Eric Schmidt Says “Never Bet Against America”

The tech guru says some sectors will grow fast into the future as supply chains shorten and tighten.



Former Google Chairman, Eric Schmidt, says that the health and education of the world is going online, and will transform how we access the growing world of e-everything, from banking, going to your doctor, or going to school. If there was ever a time to be computer literate, this is it.

Regardless, the future will be such that e-services of all kinds will be the primary access point, which means, love it or hate it, know it or don’t, it will be foisted on you to do.

Schmidt also said that computer chip manufacturing could be coming back to The United States, which would be a bellwether for technology and innovation inside North America.

Schmidt’s vision for the future is only being propelled at a faster pace because of a global pandemic that is forcing us to find other ways to do the ordinary.

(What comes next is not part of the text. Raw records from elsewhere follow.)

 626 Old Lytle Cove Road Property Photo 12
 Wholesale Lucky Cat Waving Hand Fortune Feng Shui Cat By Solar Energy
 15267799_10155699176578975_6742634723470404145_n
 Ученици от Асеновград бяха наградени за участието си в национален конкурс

But what does this mean for the technological divide between old and young, poor and wealthy, first world and third world? With a good portion of the world still offline, and without the means to get online with hardware or software, Schmidt’s vision looks very much like something that will give further advantages to countries with high-developed infrastructures, with the capital for constant improvements in technology which happen in more rapid cycles every year that passes.

When  asked, what jobs will continue to exist, Schmidt says, “we’re gonna have to reimagine how the workplace works. We’re going to have to think about hub-and-spoke systems where local people don’t travel so far because they don’t want to be in public transit for so long. So, we’re gonna have to really rethink how businesses operate. They need their employees back.

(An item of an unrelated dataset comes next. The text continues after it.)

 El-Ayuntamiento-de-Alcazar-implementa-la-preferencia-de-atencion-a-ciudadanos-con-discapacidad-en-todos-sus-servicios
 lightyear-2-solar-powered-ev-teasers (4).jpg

“One way to think about this is that this one month, two months period has brought forth 10 years of forward change. So, all of a sudden, the Internet is no longer optional. It’s fundamental to doing business, to operate, to live our lives, all sorts of much higher expectations as a result. For example, we need much better broadband in the rural areas. Another example will be tele-health. 80 percent of the visits to doctors are right now in tele-health. People have been wanting this to happen for years. Now using remote monitoring, we can actually measure everybody and do it remotely. And then only if you have to, you go in to see the doctor. And by the way, that’s more convenient for you as as a patient.”

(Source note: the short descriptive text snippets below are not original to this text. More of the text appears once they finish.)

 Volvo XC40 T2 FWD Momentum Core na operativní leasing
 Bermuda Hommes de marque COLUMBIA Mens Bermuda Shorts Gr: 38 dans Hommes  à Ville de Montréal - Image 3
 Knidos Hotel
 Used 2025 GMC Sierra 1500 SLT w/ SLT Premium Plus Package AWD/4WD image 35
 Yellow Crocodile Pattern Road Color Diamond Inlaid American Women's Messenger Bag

With the change in the way business and day-to-day things are done, Schmidt also says that health monitoring will be a constant, an issue that treads on privacy and person freedom: “Another thing that we’ll have to do is we’ll have to have all sorts of interesting sort of social monitoring of one kind or another to look for these hotspots. So, systems will have to be developed to see, oh, my God, there’s an outbreak over there. Let’s get to it right now before the spread begins.”

Schmidt suggests that the pandemic has forced the world’s hand to adopt new ways, and has also revealed the glaring weaknesses in global supply chains:

“Well, we’ve built in the last 10 or 20 years this extraordinarily efficient global supply chain with many, many steps. We’ve now learned that it’s not resilient. There has been for at least a decade a great concern about our over-reliance on Taiwan in particular for foreign chip manufacturing and there is an initiative within the government which is very important, that we get domestic supply of foundries, literally the places where chips are made. And companies like Intel and Samsung and TSMC. TSMC is the largest foundry. It’s in Taiwan, at the seven-nanometre level, trying to get them into our country. So, we have better control. It’s important from a standpoint of- of our own economics. It’s also important for national security. We want to make sure that our critical infrastructure is owned and controlled by America, right? Never bet against America. We are the innovators in our world. We should be able to do this well.”

“Never bet against America,” says Schmidt. Which is another way of saying, never underestimate the power of the human spirit and ingenuity in the face of any storm.